Ein konkretes Beispiel: Wir befinden uns im Thema Markt und befassen uns mit der Manipulation. Die Lernenden erstellen einen neuen Google-Account. Anschliessend bewegen sie sich online in einer konkreten Rolle. Eine Woche später analysieren sie, welchen Einfluss ihr Verhalten beispielsweise auf die Inhalte in den sozialen Medien hat. Das ist sehr eindrücklich. Der Algorithmus wirkt sofort. Die Lernenden erleben am eigenen Leib, was durch ihr Verhalten an Angeboten und Inhalten auf sie einprasselt und wie schnell sie sich in einer Blase befinden.

Die Lernenden sind an drei Lernorten gefordert. Wie gut lassen sie sich für ABU begeistern?
Wenn sie sehen, was ihnen der ABU fürs Leben bringt, lassen sie sich durchaus motivieren. Glücklicherweise sind die Themen so definiert, dass meist ein direkter oder mindestens indirekter persönlicher Nutzen abgeleitet werden kann. Wichtig dabei ist, dass im ABU nicht Fachwissen auswendig gelernt wird, sondern Kompetenzen gefördert werden, die in unterschiedlichen Bereichen und in einem neuen Setting angewendet werden können.

Der allgemeinbildende Unterricht umfasst drei Wochenlektionen. Was lässt sich damit erreichen?

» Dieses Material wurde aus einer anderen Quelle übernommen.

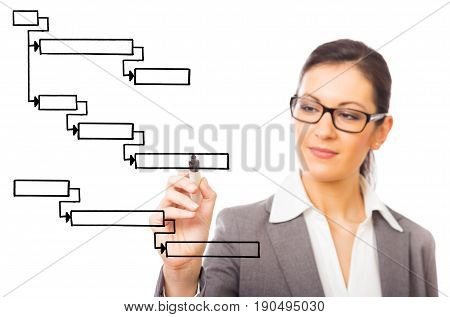 businesswoman drawing a gantt chart, a tool often used for project planning and management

Wohin möchten Sie die Lernenden bringen?
Ziel ist es, dass sich die Lernenden Kompetenzen aneignen, mit denen sie die sich ständig verändernden beruflichen oder gesellschaftlichen Situationen angehen und meistern können. Gerade bei zwei- oder dreijährigen Ausbildungen ist die Zeit dafür eher knapp. Bei vierjährigen Ausbildungen wird oft viel erreicht, weil in der Summe die nötige Zeit dafür zur Verfügung steht.

Inwiefern wird das allgemeinbildende Wissen im abschliessenden Qualifikationsverfahren geprüft?
Wird die Leistung im Notenausweis zum EFZ vermerkt?
In der Vertiefungsarbeit werden viele Techniken und Kompetenzen angewendet, die im Verlauf der Ausbildung gefördert wurden. Ziel der Arbeit ist es, als Team eine eigenständige Vertiefung eines Themas zu vollziehen. Die fachlichen, arbeitstechnischen und sozialen Erkenntnisse sollen aufbereitet, präsentiert und an einem Prüfungsgespräch erläutert werden. Die Bereiche Gesellschaft sowie Sprache und Kommunikation werden ausserdem in einer zweistündigen Schlussprüfung geprüft. Im Notenausweis zum EFZ steht eine Note für den ABU – auf Zehntel gerundet. Die allgemeinbildenden Fächer machen 20 Prozent der Endnote aus.